_What you will do_
Here are some records. Copy each one exactly.

--- Input data Enclosed Below ---

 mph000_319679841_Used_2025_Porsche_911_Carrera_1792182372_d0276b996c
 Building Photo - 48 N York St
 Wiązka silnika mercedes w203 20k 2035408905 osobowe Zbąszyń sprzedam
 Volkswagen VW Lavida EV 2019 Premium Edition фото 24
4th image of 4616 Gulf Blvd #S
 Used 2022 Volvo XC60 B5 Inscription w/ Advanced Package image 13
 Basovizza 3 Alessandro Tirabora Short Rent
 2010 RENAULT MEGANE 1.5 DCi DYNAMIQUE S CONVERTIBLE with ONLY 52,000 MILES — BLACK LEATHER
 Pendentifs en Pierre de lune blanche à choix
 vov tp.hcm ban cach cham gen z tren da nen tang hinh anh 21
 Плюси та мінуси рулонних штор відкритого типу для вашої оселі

--- End of Enclosed Input data ---

_Exercise output_
 mph000_319679841_Used_2025_Porsche_911_Carrera_1792182372_d0276b996c
 Building Photo - 48 N York St
 Wiązka silnika mercedes w203 20k 2035408905 osobowe Zbąszyń sprzedam
 Volkswagen VW Lavida EV 2019 Premium Edition фото 24
4th image of 4616 Gulf Blvd #S
 Used 2022 Volvo XC60 B5 Inscription w/ Advanced Package image 13
 Basovizza 3 Alessandro Tirabora Short Rent
 2010 RENAULT MEGANE 1.5 DCi DYNAMIQUE S CONVERTIBLE with ONLY 52,000 MILES — BLACK LEATHER
 Pendentifs en Pierre de lune blanche à choix
 vov tp.hcm ban cach cham gen z tren da nen tang hinh anh 21
 Плюси та мінуси рулонних штор відкритого типу для вашої оселі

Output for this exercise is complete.